What manner of man was Şems-i Tebrizî, who was able to change so
quickly and so easily a man of such strong personality as Mevlâna? This has been the
subject of much discussion, and a variety of very different views have been put forward,
both in earlier and in more recent times. Mevlâna himself went so far as to divinise his
master, in the mystical sense of the term, using the form of address "My Şems, my
God". Sultan Veled, Mevlâna's son, who knew Şems-i Tebrizî well, explained the
relationship between the two men in the following way, in an attempt to enlighten those
who might seek to judge the matter on the basis of appearances: "As soon as he saw
Şems's face the mysteries were revealed to him like the light of day. He saw what no man
had ever imagined. He fell in love and was lost: greatness and baseness were alike
indifferent to him."
The following words throw a revealing light on the character and personality of Şems-i
Tebrizî: "There is a world above the world of saints (evliya): the world of
the ‘adored ones' (makam-ı maşuk). Before Şems-i Tebrizî we knew nothing of
this. And so Şems is one of those who in the eyes of ordinary people are even more secret
and incomprehensible than the mystics: that is, the lovers. It was he who showed the way
to Mevlâna; and Mevlâna said that he needed to re-learn everything after meeting
Şems." Eflaki tells us in his Menakibül Arifin that during this period of
his life, on the suggestion of Şems, Mevlâna began to practise and teach the Semâ.
The Semâ
Semâ means to whirl round, to dance, to
attain ecstasy by means of music. Many mystics, according the needs of their soul,
practised the Semâ as a source of ecstasy. Mevlâna regarded it as a kind of prayer, a
form of worship, comparing a man who sang during the Semâ to the imam officiating at the namaz
(prayer). In his poems he calls the Semâ the nourishment of lovers' souls; it was an
activity permitted to lovers and mystics but forbidden to bigots.

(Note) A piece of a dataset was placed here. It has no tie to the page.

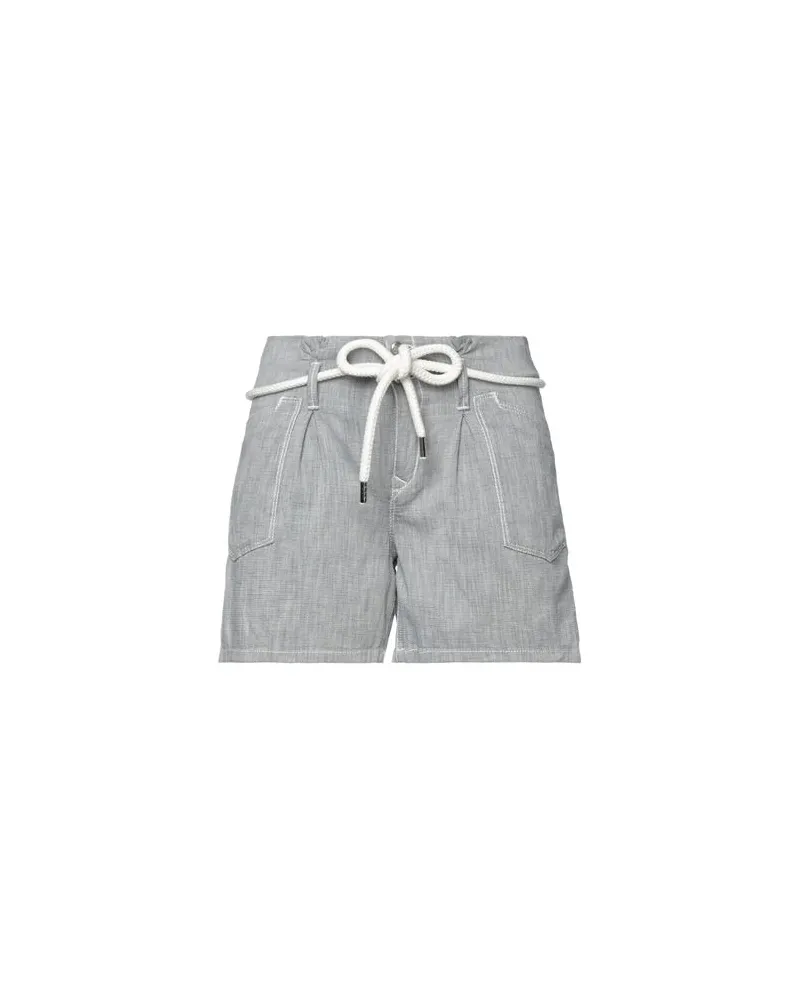 Jacob Cohën HOSEN & RÖCKE - Shorts & Bermudashortsauf YOOX.COM Nachtblau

ın 1245 Şems fled to Damascus to escape the jealousy Mevlâna's disciples, but on the
urgent plea of Mevlâna, who could not endure this separation, he returned to Konya,
accompanied by Sultan Veled, and married Mevlâna's adopted daughter Kimya Hatun.
Thereupon a group of Mevlâna's disciples, including his second son Alaeddin Çelebi,
again began to conspire against Şems, of whom they were jealous; and this was followed by
the mysterious disappearance of Şems in 1247. Mevlâna fell into the deepest despair and
made two journeys to Damascus in search of Şems. Sultan Veled tells us that the words and
actions of his father made a strange impression on the people of Damascus, although Eflaki
declares that he acquired many followers there.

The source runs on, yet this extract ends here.